# Grandma's jigsaw



## tonyt (May 25, 2005)

Grandma asked me to pop round and help her with a jigsaw that was giving her grief.

So, round I went. She showed me all the pieces laid out on a table.

“What picture is it supposed to make?” I said.

“Well”, she said – “It has a picture of a cockerel on the box.

I said, “You go and put the kettle on and make us a nice pot of tea while I put all the cornflakes back into the box”


----------



## rogerblack (May 1, 2005)

tonyt said:


> Grandma asked me to pop round and help her with a jigsaw that was giving her grief.
> 
> So, round I went. She showed me all the pieces laid out on a table.
> 
> ...


Aah, clearly a fan of Mrs Brown and her boys!
(where this gag came up in last week's show) :lol:


----------



## tonyt (May 25, 2005)

rogerblack said:


> Aah, clearly a fan of Mrs Brown and her boys!
> (where this gag came up in last week's show) :lol:


Sorry, I wouldn't know Mrs Brown from a tub of lard!

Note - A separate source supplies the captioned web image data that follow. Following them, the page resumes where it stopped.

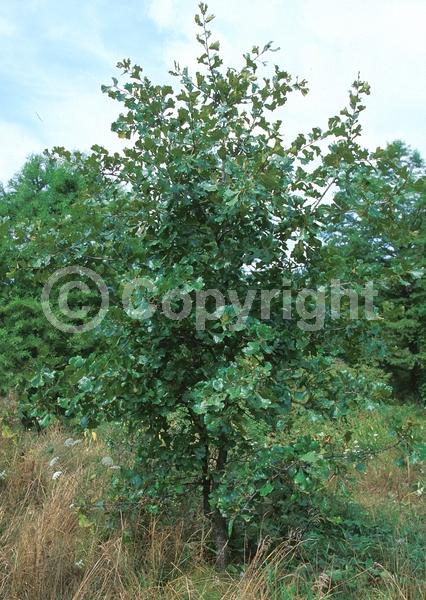 Brown blooms; Deciduous; Broadleaf; North American Native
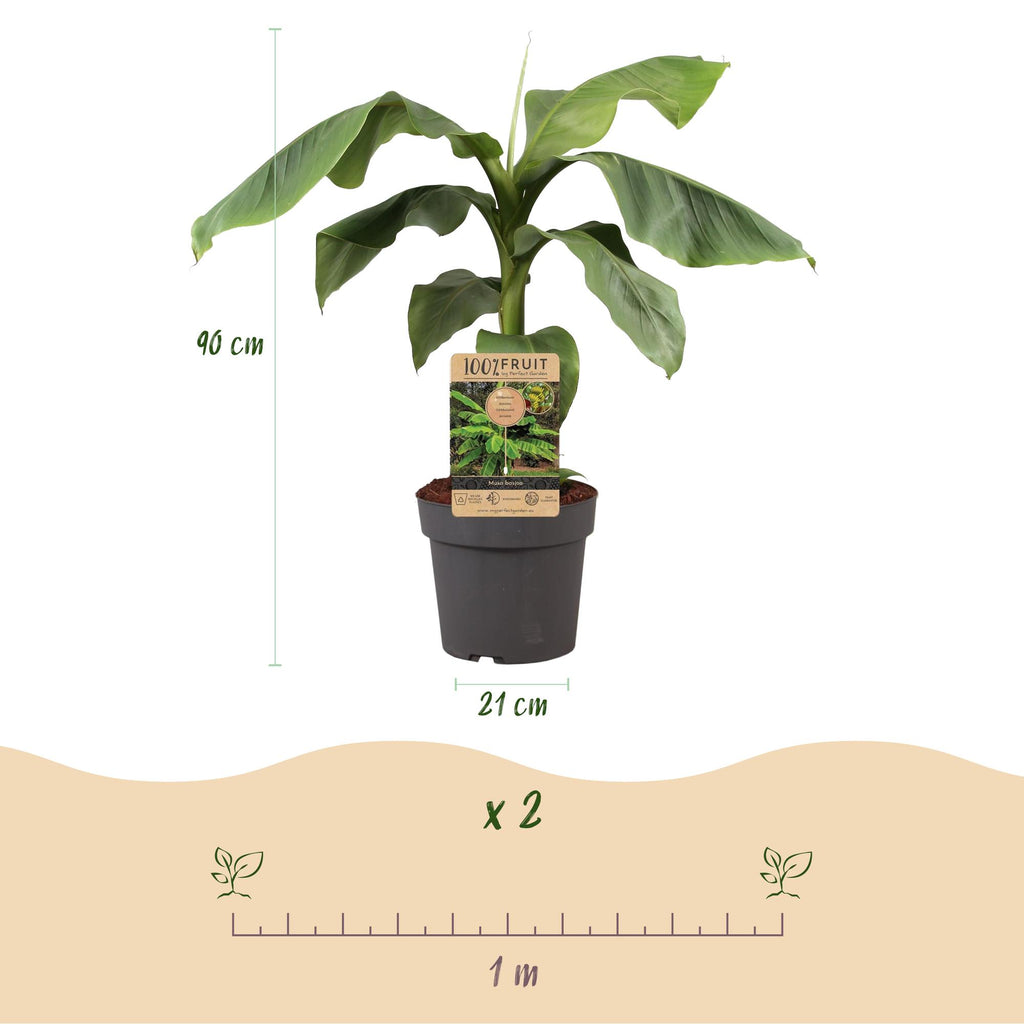Musa Basjoo, groene bladeren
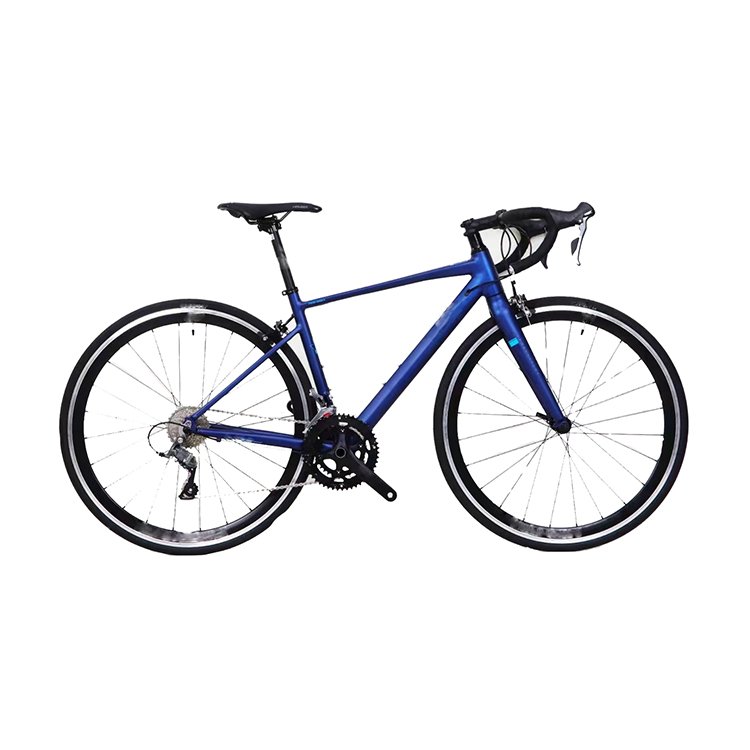 road bike carbon bicycle R10 Disc brake RS 22speed professional road bike on sale 700C cycle cheap carbon roadbike
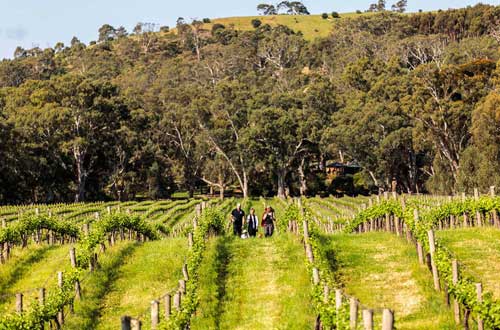 south-australia-mclaren-vale-gemtree-visit-hero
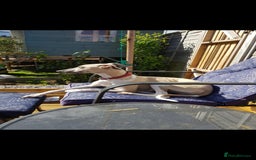Whippet dogs for sale: Beautiful KC whippet pups for sale :) - Image 9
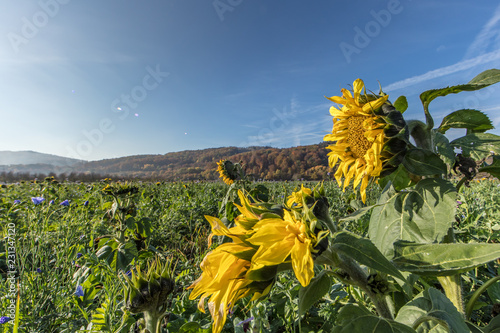 Sonnenblume im herbst photo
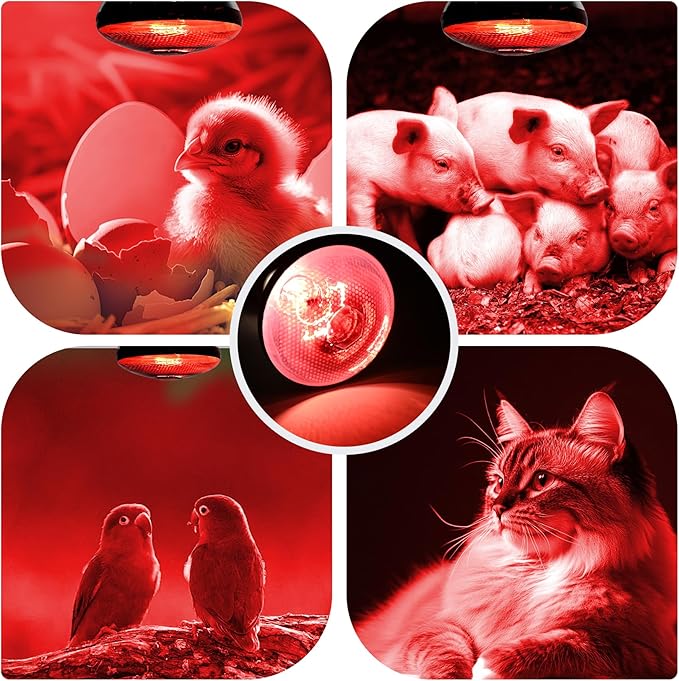 250W 2 Pack Red Reptile Heat Lamp Bulb for Chick Brooder,Infrared Heating Light Bulb for Reptiles,Chicken,Farm Animals,Bathroon,Food,Poultry,Shatterproof,E26 Base with Temperature Sticker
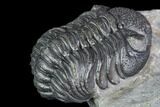 Detailed Morocops Trilobite - Nice Eye Facets #104968-5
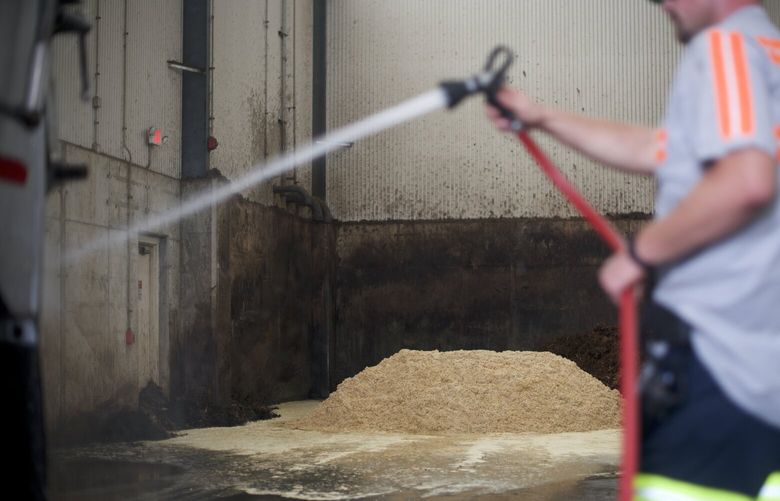 FILE – A worker sprays a truck at a Perdue plant in Seaford, Del., Sept. 13, 2018. Tyson Foods and Perdue Farms, which together produce a third of the poultry sold in the United States, are under federal investigation into whether they relied on migrant children to clean slaughterhouses, some of the most dangerous work in the country. (Mark Makela/The New York Times) XNYT00103
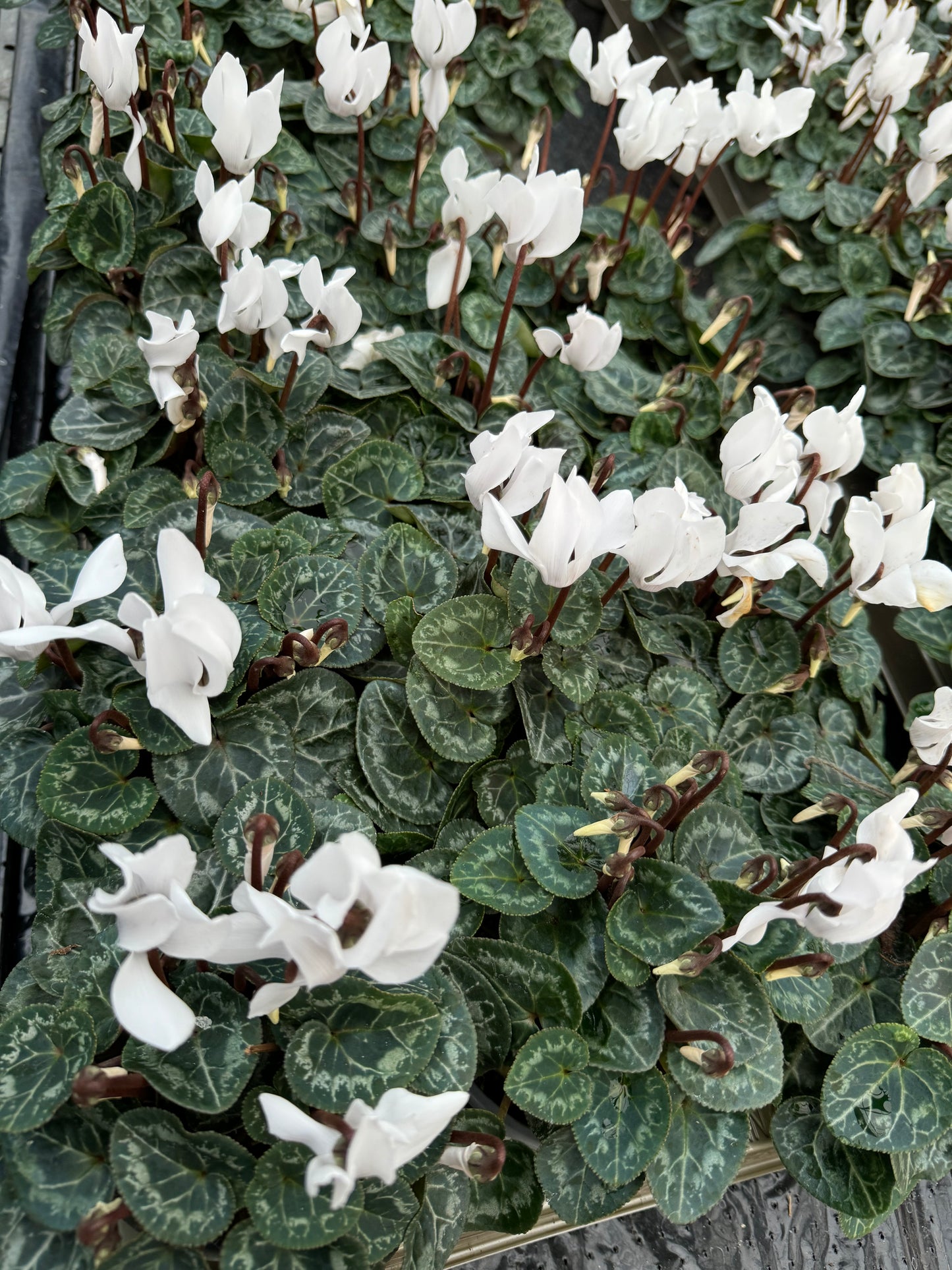 x3 Cyclamen White plants 10.5cm/9cm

I heard the joke last night while enjoying my sundowner round the camp fire (don't tell Dave Zeb  ) - not another Brit in sight.


----------



## rogerblack (May 1, 2005)

tonyt said:


> rogerblack said:
> 
> 
> > Aah, clearly a fan of Mrs Brown and her boys!
> ...


Hahaha - describing 'her' as a tub of lard is not far off the spot! 8) The series has been discussed on here several times in the past, you clearly have not been paying attention  It seems to have the Marmite effect on folk.

Anyway, Grandad was sitting at the kitchen table trying to do a 'jigsaw' - when 'she' asked him for the box to see the picture, it was a box of cornflakes, which the close-up showed he had spread all over the table. Same gag, acted out. Made me lol! :lol:

I am envious - you'd need a damned big campfire to keep warm around here at the mo. :wink:


----------